> **TASK BRIEF**: Below are some records: retype them all exactly, but not the pictures.

> **DATASET RECORDS**:
+ + + +

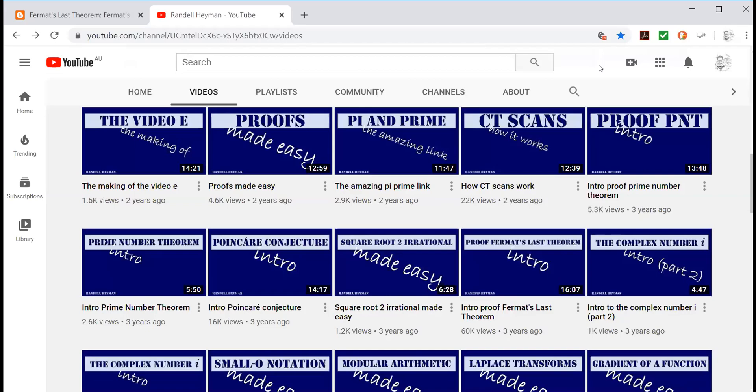Hi, I'm Randall Heyman, a university mathematics academic. I'm using my YouTube channel to help lecturers, tutors, high school and primary school teachers, parents and students impacted by the coronavirus.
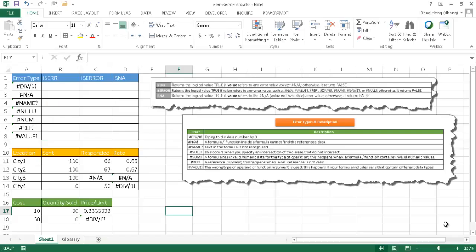Hi. In this video, I'm going to cover the ISERROR, ISERR, and ISNA functions. These three functions are part of the IS functions, and what they do is they return logical values of true or false based on the value of a cell or cells.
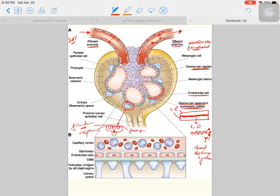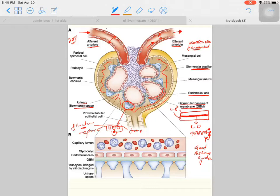After the podocytes we enter into the Bowman's capsule. This is the Bowman's capsule with a urinary space, also called the Bowman's space or capsular space. There is a parietal layer of squamous cells called the parietal epithelial cells, which form the capsular wall.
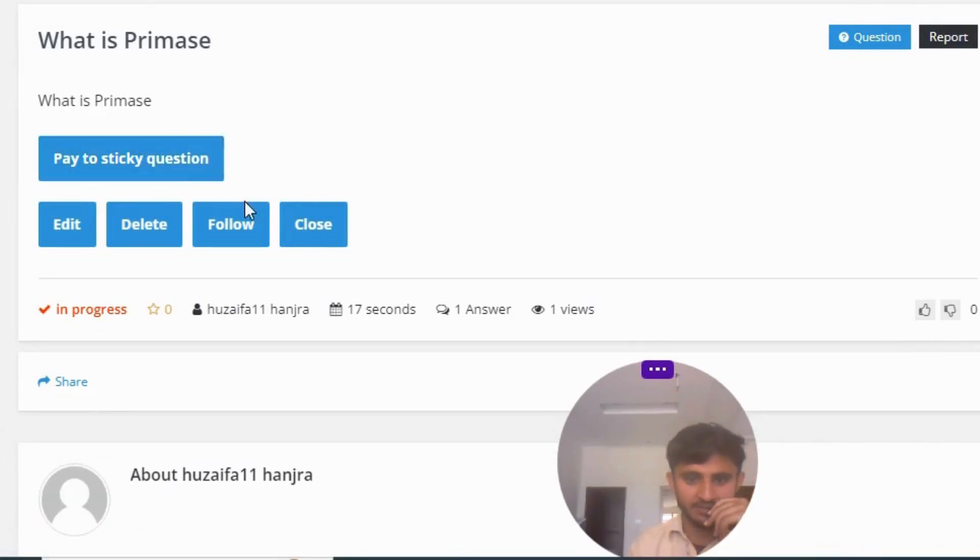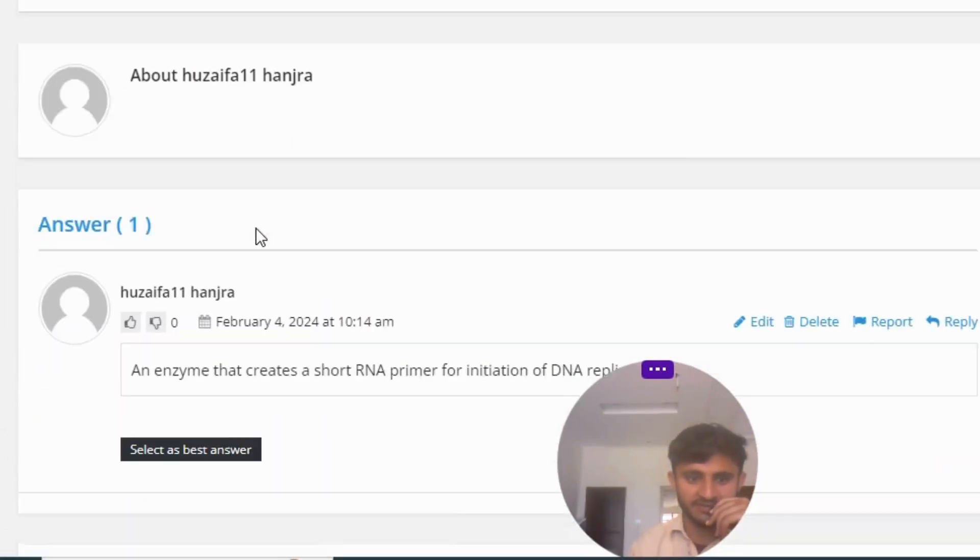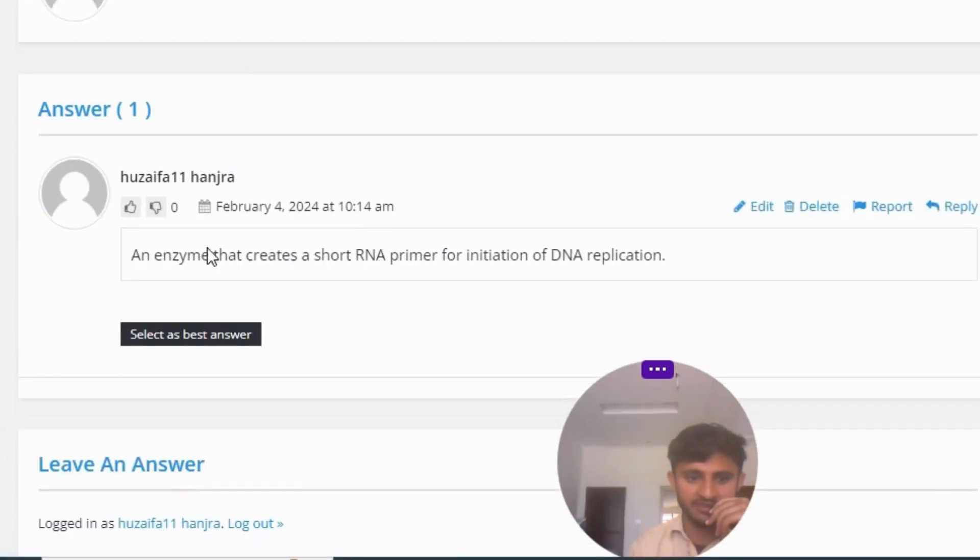The answer to the question is: an enzyme that creates a short RNA primer for initiation of DNA replication.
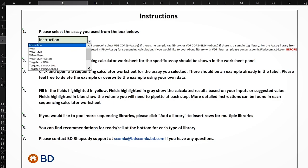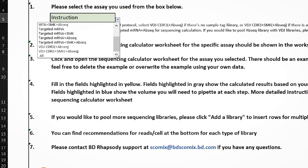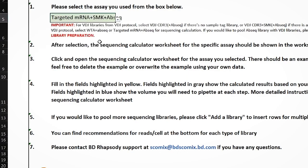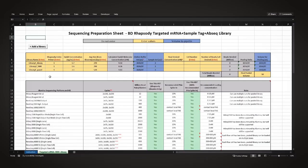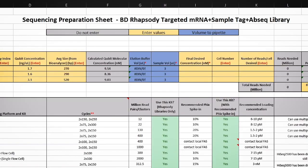With the sequencing calculator open, choose the configuration that matches your experiment. This will open a new tab where all the calculations will take place. In this example, we are demonstrating sequencing library pooling for targeted mRNA plus AbSeq plus sample multiplexing experiment.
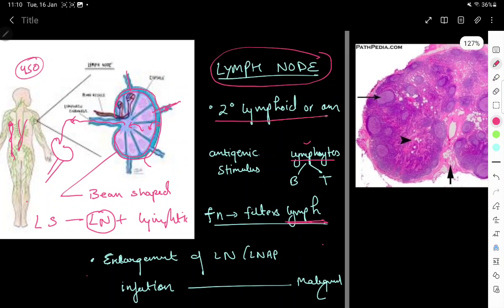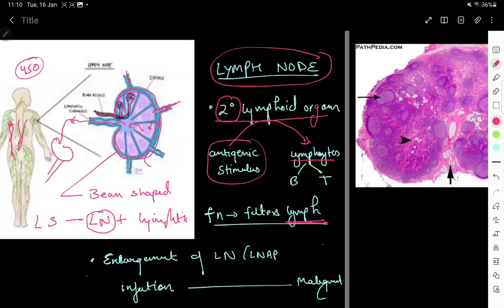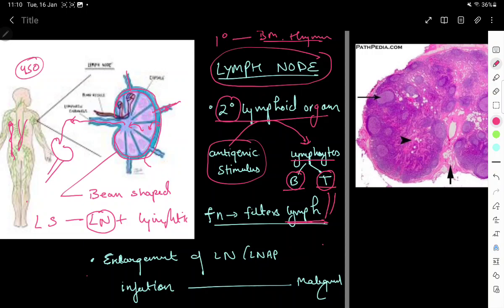The lymph node is a secondary lymphoid organ, meaning it needs antigenic stimulation to produce lymphocytes. Primary lymphoid organs include bone marrow and thymus, which don't need antigenic stimulation. With antigenic stimulation, the lymph node produces B and T cells, which protect our body in case a toxin, virus, or bacteria reaches it — filtering the lymph and fighting infection.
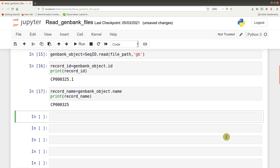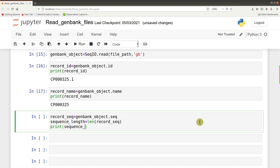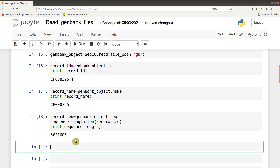Because it's a whole genome, you can also query the sequence: record_seq = genbank_object.seq. We can even find the length of the sequence: sequence_length = len(genbank_object.seq), then print(sequence_length). This gives us the length — it's 5.6 MB, which is the length of the whole genome sequence.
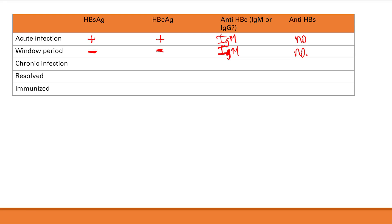During chronic infection: surface antigen is present — you have hepatitis B present. E antigen is absent — it's not an acute high-replication state. Core antibody will be IgG — indicating chronic infection. Surface antibody is absent — because you're still infected, and surface antibody only appears when you're done with the infection or vaccinated.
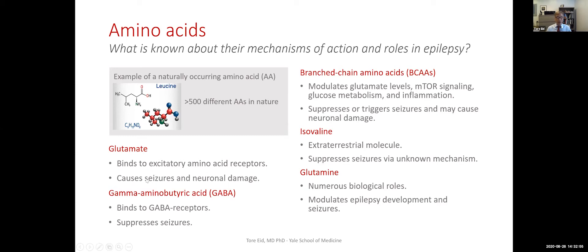The other amino acid is gamma-aminobutyric acid, or GABA. It has many of the opposite effects of glutamate — it suppresses brain activity and can stop seizures. It works by binding to GABA receptors, which are chloride channels present mainly on nerve cells in the brain. You've probably heard of benzodiazepines and barbiturates — those work by binding to GABA receptors and suppressing brain activity to stop seizures. Having said that, GABA can in some cases trigger seizures, so it's not a clear-cut picture, and that's important to know when it comes to therapy.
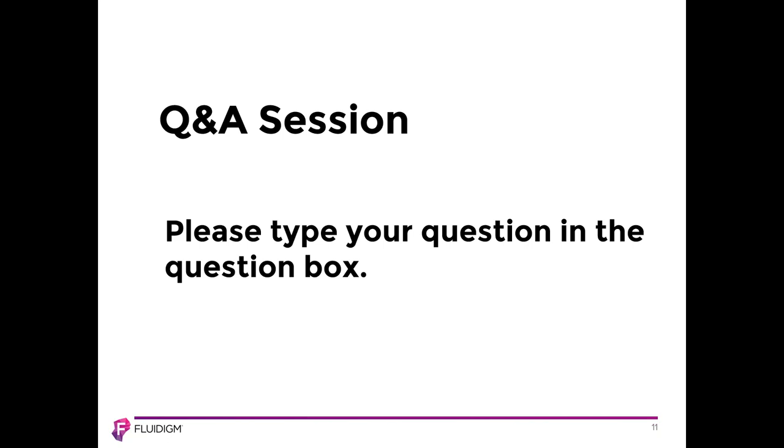We have another question for Cytof. Do you have recommended panels to examine mouse tumor microenvironment? Yes, we do have antibodies against markers to look at the mouse tumor microenvironment. In fact, there are a number of published papers looking into the mouse tumor microenvironment. For example, there are papers from Jim Allison's group, as well as Matt Spitzer has a paper examining mouse tumor microenvironment as well. I would recommend reaching out or an FAS can reach out to you so that you can work with them to create a specific panel specific to your project as well.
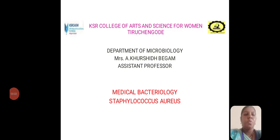Good morning to all. I am Kursheed Begum, Assistant Professor, Department of Microbiology, KSR College of Arts and Sciences for Women, Thirajangor. Today we will see about Medical Bacteriology. The topic is Staphylococcus aureus.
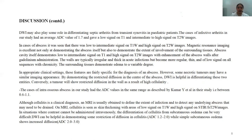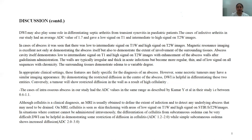Although cellulitis is a clinical finding, MR is usually obtained to define the extent of infection and to detect any underlying abscess that needs to be drained. On MR, cellulitis is a perilesional technique showing low signal intensity on T1 weighted images and high signal intensity on STIR and fat-sat T2 weighted images. In situations where contrast cannot be administered — such as impaired renal function or uncooperative patients — differentiation of cellulitis from subcutaneous edema can be very difficult. DWI can help by demonstrating restricted diffusion in cellulitis while simple subcutaneous edema shows increased diffusion.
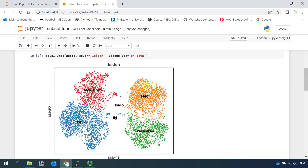You can see we have six cell types here: myofibroblast, fibroblast, endothelial cells, immune cells, smooth muscle cells, and pericytes.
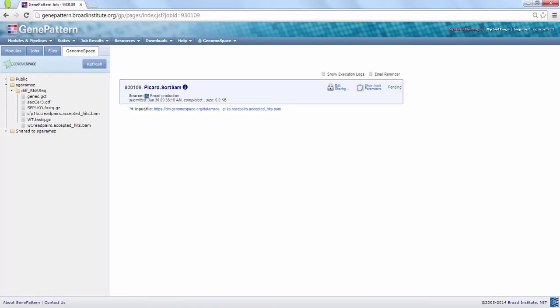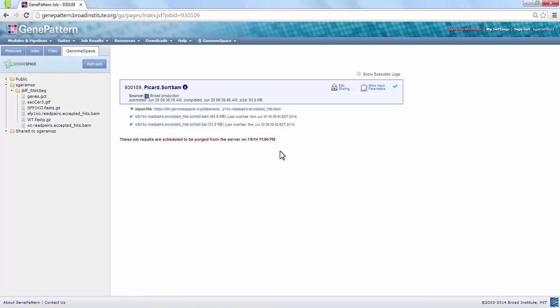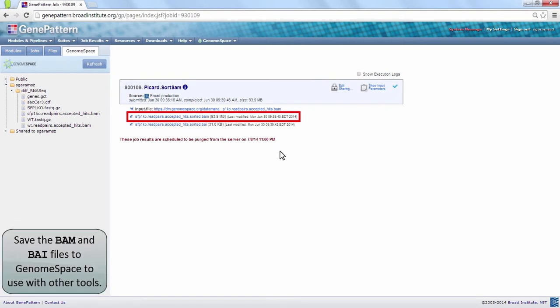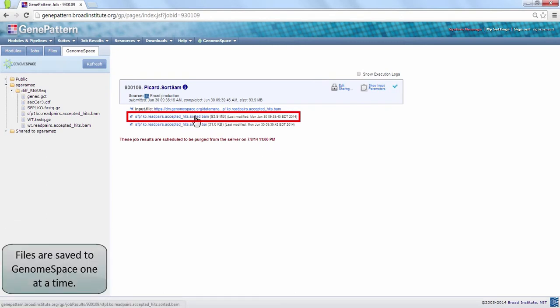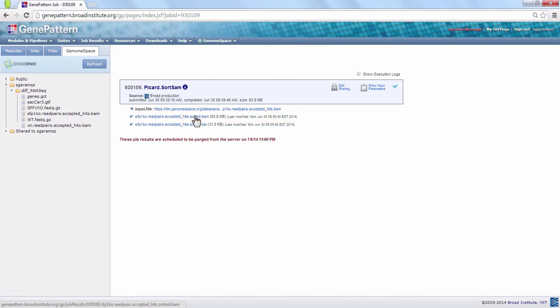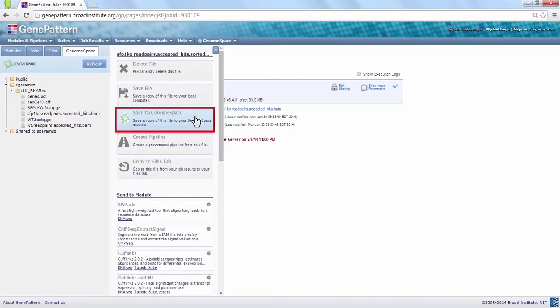Once the job is complete, save your outputted BAM and BAI files to your favorite GenomeSpace directory for future use. Click on each file and choose Save to GenomeSpace.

+ + + +

> **OUTPUT OF THE EXERCISE**:
Hi, I'm Randall Heyman, a university mathematics academic. I'm using my YouTube channel to help lecturers, tutors, high school and primary school teachers, parents and students impacted by the coronavirus.
Hi. In this video, I'm going to cover the ISERROR, ISERR, and ISNA functions. These three functions are part of the IS functions, and what they do is they return logical values of true or false based on the value of a cell or cells.
After the podocytes we enter into the Bowman's capsule. This is the Bowman's capsule with a urinary space, also called the Bowman's space or capsular space. There is a parietal layer of squamous cells called the parietal epithelial cells, which form the capsular wall.
The answer to the question is: an enzyme that creates a short RNA primer for initiation of DNA replication.
With the sequencing calculator open, choose the configuration that matches your experiment. This will open a new tab where all the calculations will take place. In this example, we are demonstrating sequencing library pooling for targeted mRNA plus AbSeq plus sample multiplexing experiment.
The lymph node is a secondary lymphoid organ, meaning it needs antigenic stimulation to produce lymphocytes. Primary lymphoid organs include bone marrow and thymus, which don't need antigenic stimulation. With antigenic stimulation, the lymph node produces B and T cells, which protect our body in case a toxin, virus, or bacteria reaches it — filtering the lymph and fighting infection.
Because it's a whole genome, you can also query the sequence: record_seq = genbank_object.seq. We can even find the length of the sequence: sequence_length = len(genbank_object.seq), then print(sequence_length). This gives us the length — it's 5.6 MB, which is the length of the whole genome sequence.
During chronic infection: surface antigen is present — you have hepatitis B present. E antigen is absent — it's not an acute high-replication state. Core antibody will be IgG — indicating chronic infection. Surface antibody is absent — because you're still infected, and surface antibody only appears when you're done with the infection or vaccinated.
The other amino acid is gamma-aminobutyric acid, or GABA. It has many of the opposite effects of glutamate — it suppresses brain activity and can stop seizures. It works by binding to GABA receptors, which are chloride channels present mainly on nerve cells in the brain. You've probably heard of benzodiazepines and barbiturates — those work by binding to GABA receptors and suppressing brain activity to stop seizures. Having said that, GABA can in some cases trigger seizures, so it's not a clear-cut picture, and that's important to know when it comes to therapy.
We have another question for Cytof. Do you have recommended panels to examine mouse tumor microenvironment? Yes, we do have antibodies against markers to look at the mouse tumor microenvironment. In fact, there are a number of published papers looking into the mouse tumor microenvironment. For example, there are papers from Jim Allison's group, as well as Matt Spitzer has a paper examining mouse tumor microenvironment as well. I would recommend reaching out or an FAS can reach out to you so that you can work with them to create a specific panel specific to your project as well.
Good morning to all. I am Kursheed Begum, Assistant Professor, Department of Microbiology, KSR College of Arts and Sciences for Women, Thirajangor. Today we will see about Medical Bacteriology. The topic is Staphylococcus aureus.
Although cellulitis is a clinical finding, MR is usually obtained to define the extent of infection and to detect any underlying abscess that needs to be drained. On MR, cellulitis is a perilesional technique showing low signal intensity on T1 weighted images and high signal intensity on STIR and fat-sat T2 weighted images. In situations where contrast cannot be administered — such as impaired renal function or uncooperative patients — differentiation of cellulitis from subcutaneous edema can be very difficult. DWI can help by demonstrating restricted diffusion in cellulitis while simple subcutaneous edema shows increased diffusion.
You can see we have six cell types here: myofibroblast, fibroblast, endothelial cells, immune cells, smooth muscle cells, and pericytes.
Once the job is complete, save your outputted BAM and BAI files to your favorite GenomeSpace directory for future use. Click on each file and choose Save to GenomeSpace.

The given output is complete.